# What the task requires
With the pictures left out, reproduce exactly the lines from the one containing "Very proud happy" through the final line of the entries.

--- Exercise material ---

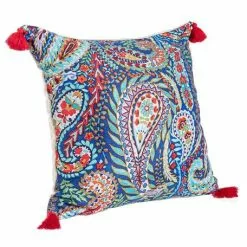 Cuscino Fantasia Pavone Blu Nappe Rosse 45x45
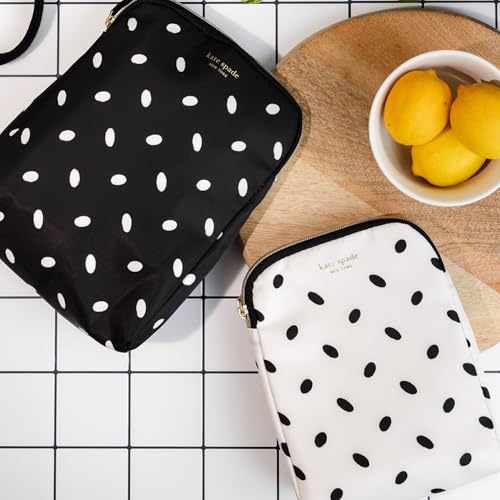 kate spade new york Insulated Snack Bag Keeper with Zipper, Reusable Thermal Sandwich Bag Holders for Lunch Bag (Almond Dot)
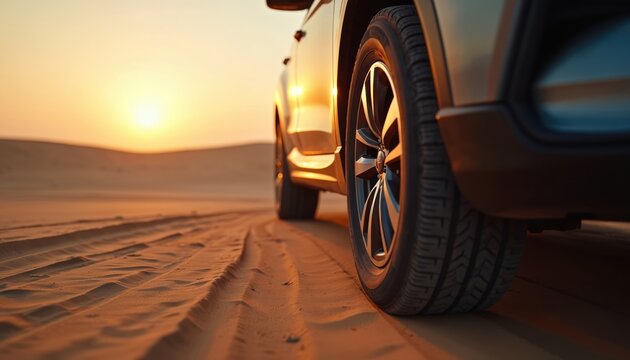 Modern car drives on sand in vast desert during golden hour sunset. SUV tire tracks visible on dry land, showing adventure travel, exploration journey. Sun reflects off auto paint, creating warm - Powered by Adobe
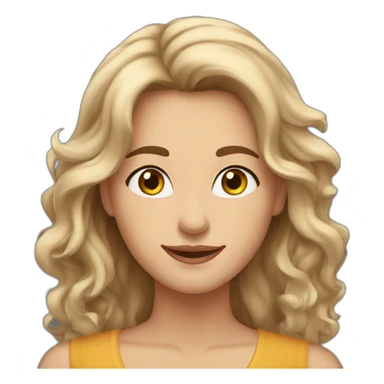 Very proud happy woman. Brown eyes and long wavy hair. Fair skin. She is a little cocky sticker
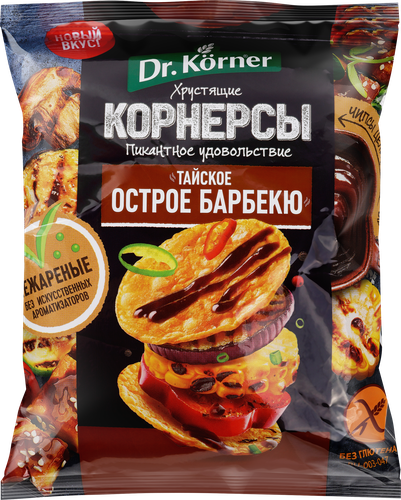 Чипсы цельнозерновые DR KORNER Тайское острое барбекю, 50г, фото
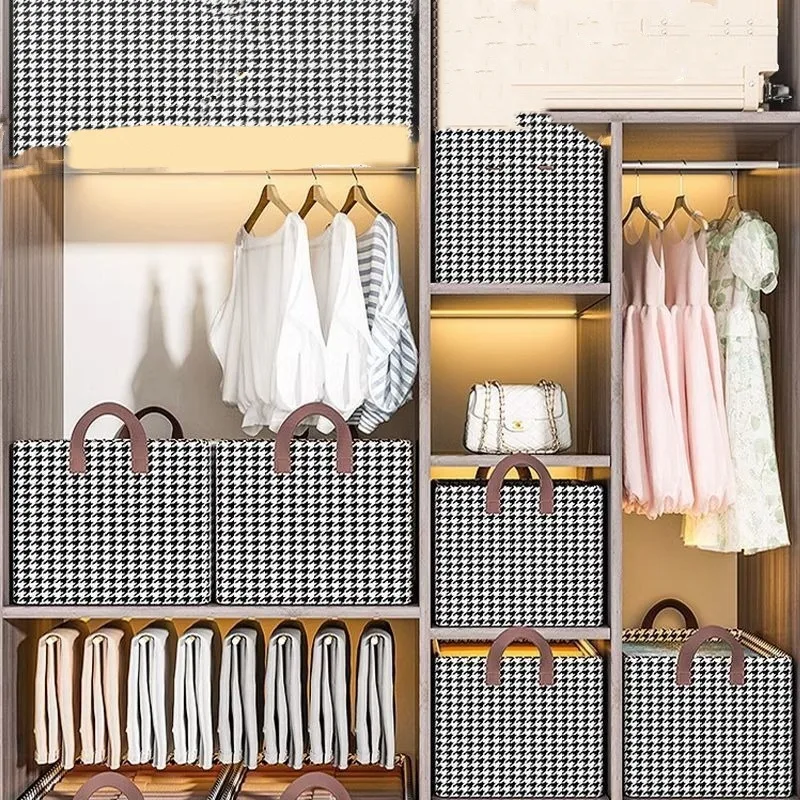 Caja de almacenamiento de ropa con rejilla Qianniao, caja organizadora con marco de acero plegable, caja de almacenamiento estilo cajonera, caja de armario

---

# Result for this task
 Very proud happy woman. Brown eyes and long wavy hair. Fair skin. She is a little cocky sticker
 Чипсы цельнозерновые DR KORNER Тайское острое барбекю, 50г, фото
 Caja de almacenamiento de ropa con rejilla Qianniao, caja organizadora con marco de acero plegable, caja de almacenamiento estilo cajonera, caja de armario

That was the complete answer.